■ **Source data**:
********************
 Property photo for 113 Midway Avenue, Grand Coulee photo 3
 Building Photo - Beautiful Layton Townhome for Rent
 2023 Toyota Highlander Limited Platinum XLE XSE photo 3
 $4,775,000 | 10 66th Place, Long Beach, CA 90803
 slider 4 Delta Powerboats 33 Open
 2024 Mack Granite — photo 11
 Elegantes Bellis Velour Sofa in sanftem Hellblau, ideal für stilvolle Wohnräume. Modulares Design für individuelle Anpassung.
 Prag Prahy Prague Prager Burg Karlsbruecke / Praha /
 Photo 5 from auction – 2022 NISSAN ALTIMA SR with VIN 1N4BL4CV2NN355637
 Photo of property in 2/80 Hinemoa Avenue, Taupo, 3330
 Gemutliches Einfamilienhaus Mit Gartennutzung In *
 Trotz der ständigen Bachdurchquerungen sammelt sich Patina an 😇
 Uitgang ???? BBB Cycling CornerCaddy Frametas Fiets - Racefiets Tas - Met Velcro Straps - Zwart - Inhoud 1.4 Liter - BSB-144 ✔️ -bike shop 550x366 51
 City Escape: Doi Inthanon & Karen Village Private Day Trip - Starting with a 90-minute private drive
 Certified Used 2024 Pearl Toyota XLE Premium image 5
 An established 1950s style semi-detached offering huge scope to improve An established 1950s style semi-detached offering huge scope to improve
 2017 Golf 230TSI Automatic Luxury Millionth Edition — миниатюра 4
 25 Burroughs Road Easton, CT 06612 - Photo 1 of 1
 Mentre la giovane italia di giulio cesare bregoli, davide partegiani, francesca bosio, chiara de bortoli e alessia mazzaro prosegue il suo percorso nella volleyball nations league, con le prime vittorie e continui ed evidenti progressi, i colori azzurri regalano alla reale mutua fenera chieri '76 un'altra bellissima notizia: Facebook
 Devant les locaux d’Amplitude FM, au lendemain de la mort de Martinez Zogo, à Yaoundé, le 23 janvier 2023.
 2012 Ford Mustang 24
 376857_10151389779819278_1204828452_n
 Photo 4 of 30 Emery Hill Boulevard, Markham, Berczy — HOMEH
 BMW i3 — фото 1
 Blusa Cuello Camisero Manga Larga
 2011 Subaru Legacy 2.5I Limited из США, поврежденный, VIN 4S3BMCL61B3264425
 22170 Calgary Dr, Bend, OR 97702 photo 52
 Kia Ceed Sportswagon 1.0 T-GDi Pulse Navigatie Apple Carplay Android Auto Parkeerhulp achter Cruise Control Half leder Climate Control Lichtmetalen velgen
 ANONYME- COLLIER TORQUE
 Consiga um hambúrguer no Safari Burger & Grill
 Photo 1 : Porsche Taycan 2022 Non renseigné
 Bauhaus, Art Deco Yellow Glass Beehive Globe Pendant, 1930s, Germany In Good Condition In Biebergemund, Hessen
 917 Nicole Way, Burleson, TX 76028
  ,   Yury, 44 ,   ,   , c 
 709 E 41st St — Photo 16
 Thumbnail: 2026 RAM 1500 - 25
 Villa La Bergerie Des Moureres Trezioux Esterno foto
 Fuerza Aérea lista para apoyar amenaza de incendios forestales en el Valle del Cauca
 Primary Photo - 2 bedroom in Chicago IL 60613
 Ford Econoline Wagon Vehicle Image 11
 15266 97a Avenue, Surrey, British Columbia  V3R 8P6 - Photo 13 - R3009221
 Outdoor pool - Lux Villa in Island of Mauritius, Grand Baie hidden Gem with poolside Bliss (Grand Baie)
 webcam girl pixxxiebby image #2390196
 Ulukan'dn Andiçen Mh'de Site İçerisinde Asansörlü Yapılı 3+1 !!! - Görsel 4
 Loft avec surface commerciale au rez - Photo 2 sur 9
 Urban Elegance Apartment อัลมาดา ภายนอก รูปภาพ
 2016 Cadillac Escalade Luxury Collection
********************
■ **Task description**: Every entry needs to be copied exactly as it was written.

■ **Response for this exercise**:
 Property photo for 113 Midway Avenue, Grand Coulee photo 3
 Building Photo - Beautiful Layton Townhome for Rent
 2023 Toyota Highlander Limited Platinum XLE XSE photo 3
 $4,775,000 | 10 66th Place, Long Beach, CA 90803
 slider 4 Delta Powerboats 33 Open
 2024 Mack Granite — photo 11
 Elegantes Bellis Velour Sofa in sanftem Hellblau, ideal für stilvolle Wohnräume. Modulares Design für individuelle Anpassung.
 Prag Prahy Prague Prager Burg Karlsbruecke / Praha /
 Photo 5 from auction – 2022 NISSAN ALTIMA SR with VIN 1N4BL4CV2NN355637
 Photo of property in 2/80 Hinemoa Avenue, Taupo, 3330
 Gemutliches Einfamilienhaus Mit Gartennutzung In *
 Trotz der ständigen Bachdurchquerungen sammelt sich Patina an 😇
 Uitgang ???? BBB Cycling CornerCaddy Frametas Fiets - Racefiets Tas - Met Velcro Straps - Zwart - Inhoud 1.4 Liter - BSB-144 ✔️ -bike shop 550x366 51
 City Escape: Doi Inthanon & Karen Village Private Day Trip - Starting with a 90-minute private drive
 Certified Used 2024 Pearl Toyota XLE Premium image 5
 An established 1950s style semi-detached offering huge scope to improve An established 1950s style semi-detached offering huge scope to improve
 2017 Golf 230TSI Automatic Luxury Millionth Edition — миниатюра 4
 25 Burroughs Road Easton, CT 06612 - Photo 1 of 1
 Mentre la giovane italia di giulio cesare bregoli, davide partegiani, francesca bosio, chiara de bortoli e alessia mazzaro prosegue il suo percorso nella volleyball nations league, con le prime vittorie e continui ed evidenti progressi, i colori azzurri regalano alla reale mutua fenera chieri '76 un'altra bellissima notizia: Facebook
 Devant les locaux d’Amplitude FM, au lendemain de la mort de Martinez Zogo, à Yaoundé, le 23 janvier 2023.
 2012 Ford Mustang 24
 376857_10151389779819278_1204828452_n
 Photo 4 of 30 Emery Hill Boulevard, Markham, Berczy — HOMEH
 BMW i3 — фото 1
 Blusa Cuello Camisero Manga Larga
 2011 Subaru Legacy 2.5I Limited из США, поврежденный, VIN 4S3BMCL61B3264425
 22170 Calgary Dr, Bend, OR 97702 photo 52
 Kia Ceed Sportswagon 1.0 T-GDi Pulse Navigatie Apple Carplay Android Auto Parkeerhulp achter Cruise Control Half leder Climate Control Lichtmetalen velgen
 ANONYME- COLLIER TORQUE
 Consiga um hambúrguer no Safari Burger & Grill
 Photo 1 : Porsche Taycan 2022 Non renseigné
 Bauhaus, Art Deco Yellow Glass Beehive Globe Pendant, 1930s, Germany In Good Condition In Biebergemund, Hessen
 917 Nicole Way, Burleson, TX 76028
  ,   Yury, 44 ,   ,   , c 
 709 E 41st St — Photo 16
 Thumbnail: 2026 RAM 1500 - 25
 Villa La Bergerie Des Moureres Trezioux Esterno foto
 Fuerza Aérea lista para apoyar amenaza de incendios forestales en el Valle del Cauca
 Primary Photo - 2 bedroom in Chicago IL 60613
 Ford Econoline Wagon Vehicle Image 11
 15266 97a Avenue, Surrey, British Columbia  V3R 8P6 - Photo 13 - R3009221
 Outdoor pool - Lux Villa in Island of Mauritius, Grand Baie hidden Gem with poolside Bliss (Grand Baie)
 webcam girl pixxxiebby image #2390196
 Ulukan'dn Andiçen Mh'de Site İçerisinde Asansörlü Yapılı 3+1 !!! - Görsel 4
 Loft avec surface commerciale au rez - Photo 2 sur 9
 Urban Elegance Apartment อัลมาดา ภายนอก รูปภาพ
 2016 Cadillac Escalade Luxury Collection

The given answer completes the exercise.